» **What to do**
Your task is to retype, exactly and only, the lines from the one containing "A North Italian" to the final line of the entries, leaving out all pictures.

** Data provided follows **

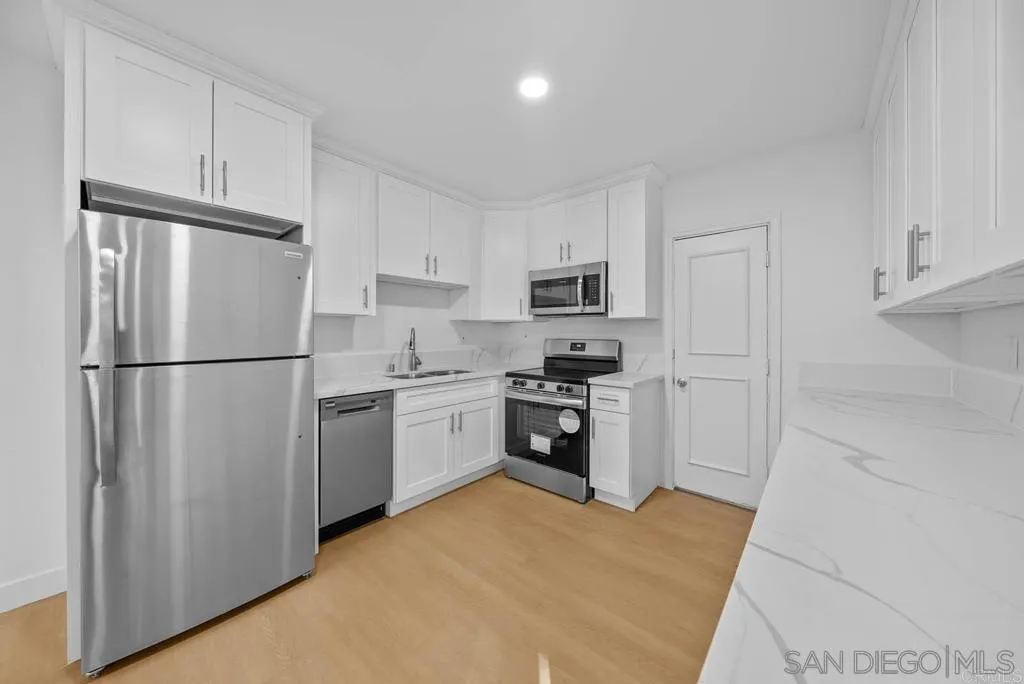 911 Jamacha Road El Cajon, CA 92019 - Photo 31 of 34 a kitchen with cabinets stainless steel appliances and a refrigerator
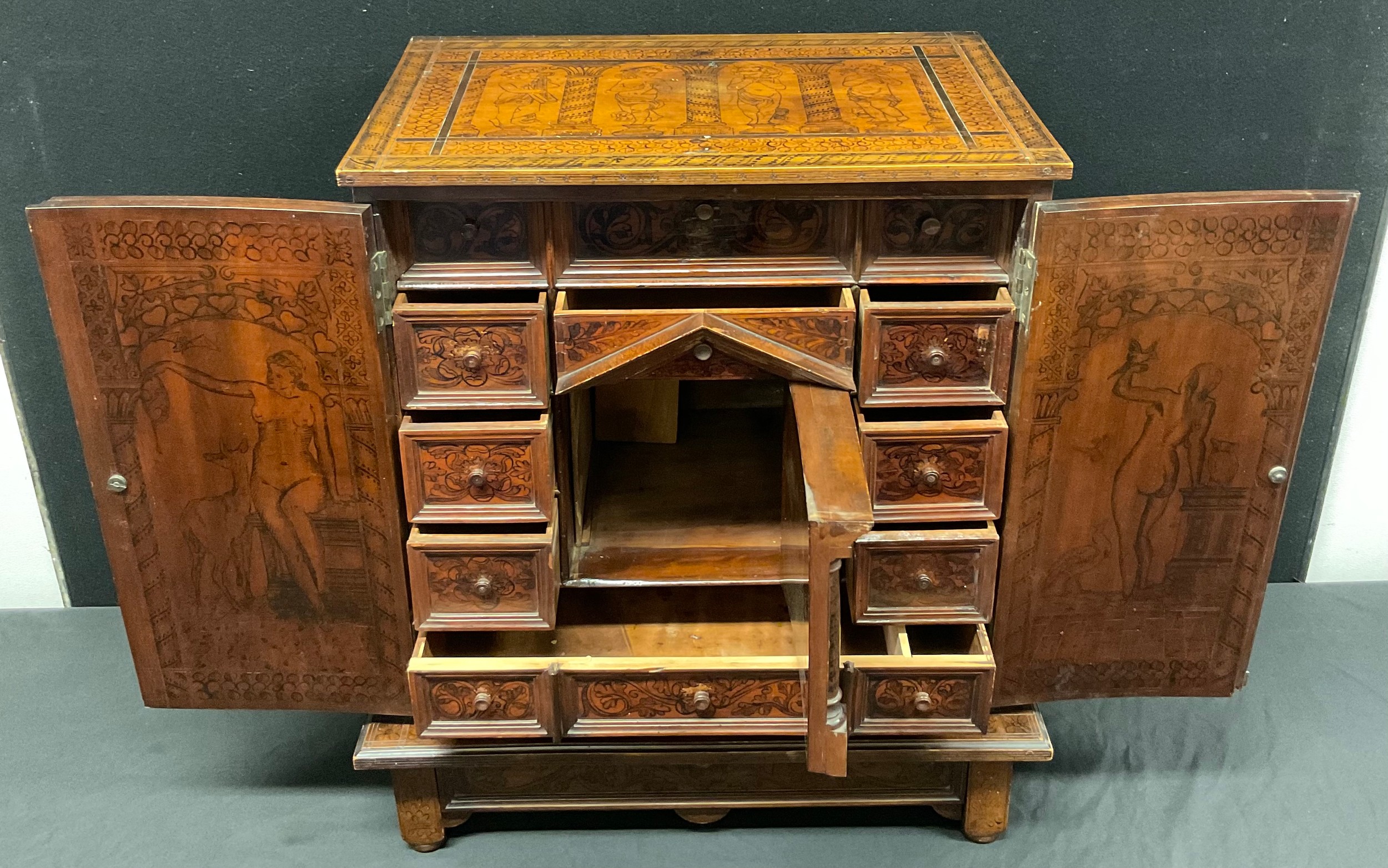 A North Italian cedar and penwork collector's cabinet on stand, hinged top above a pair of drawers enclosing an architectural interior with a cupboard centring an arrangement of wunderkammer drawers, profuesely decorated with Classical muses, nudes, putti musicians, Leda and the Swan and Diana the Huntress, the sides with silhouette figures, the base with a further long drawer, 57.5cm high overall, 44.5cm wide, 19th century
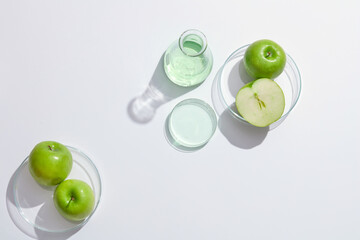 Top view of green apple decorated in petri dish in white background for advertising 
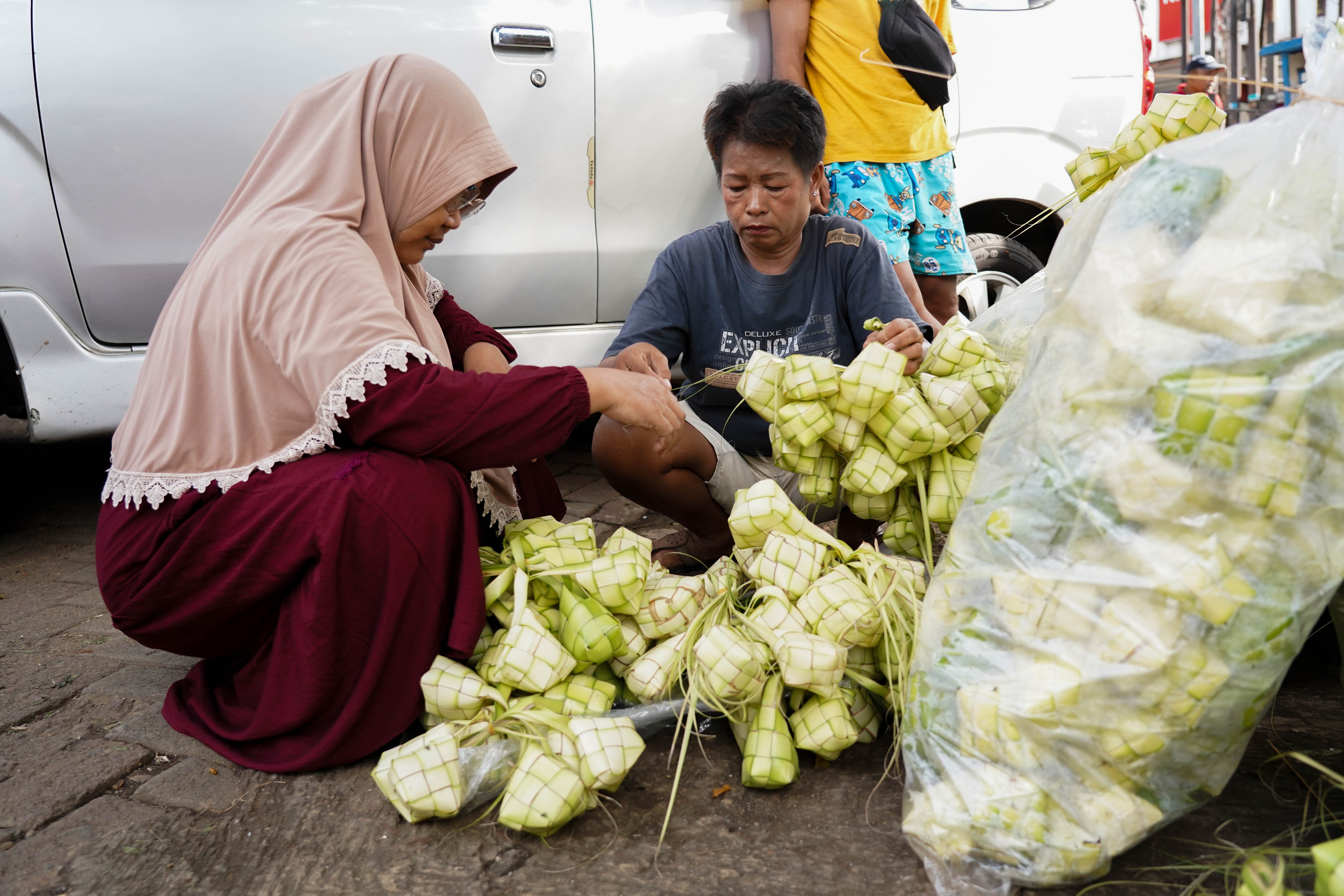 Pedagang melayani calon pembeli yang hendak membeli ketupat di Pasar Pondok Labu, Jakarta Selatan, Senin (25/5/2026). Ketupat tersebut dijual Rp 10 ribu per ikatnya atau Rp 1.000 per ketupat dan untuk daunnya saja yang belum dianyam dihargai Rp 500 per helai.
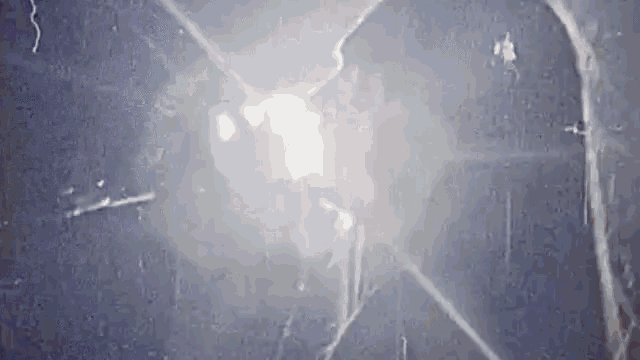 a close up of a broken glass window with a light coming out of it .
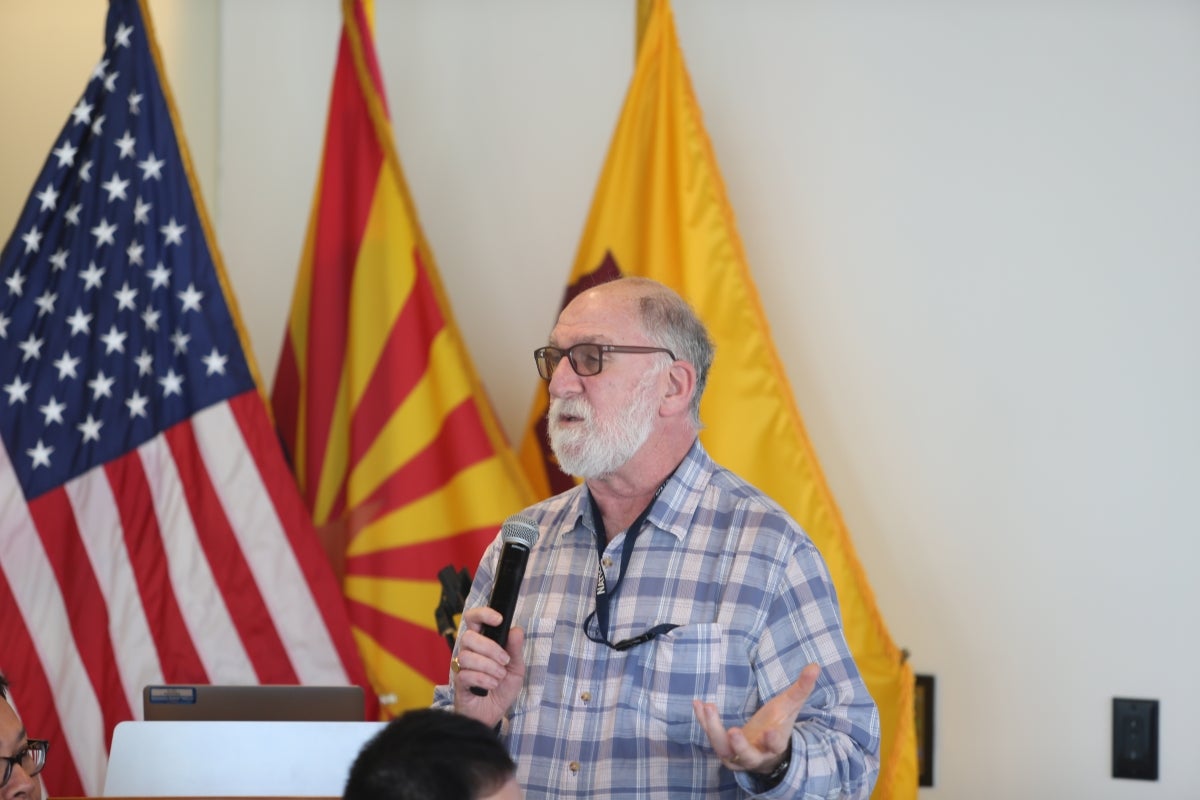 Clifford Weil speaking to an unseen audience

** End of Data provided **

» **Response below**
 A North Italian cedar and penwork collector's cabinet on stand, hinged top above a pair of drawers enclosing an architectural interior with a cupboard centring an arrangement of wunderkammer drawers, profuesely decorated with Classical muses, nudes, putti musicians, Leda and the Swan and Diana the Huntress, the sides with silhouette figures, the base with a further long drawer, 57.5cm high overall, 44.5cm wide, 19th century
 Top view of green apple decorated in petri dish in white background for advertising 
 Pedagang melayani calon pembeli yang hendak membeli ketupat di Pasar Pondok Labu, Jakarta Selatan, Senin (25/5/2026). Ketupat tersebut dijual Rp 10 ribu per ikatnya atau Rp 1.000 per ketupat dan untuk daunnya saja yang belum dianyam dihargai Rp 500 per helai.
 a close up of a broken glass window with a light coming out of it .
 Clifford Weil speaking to an unseen audience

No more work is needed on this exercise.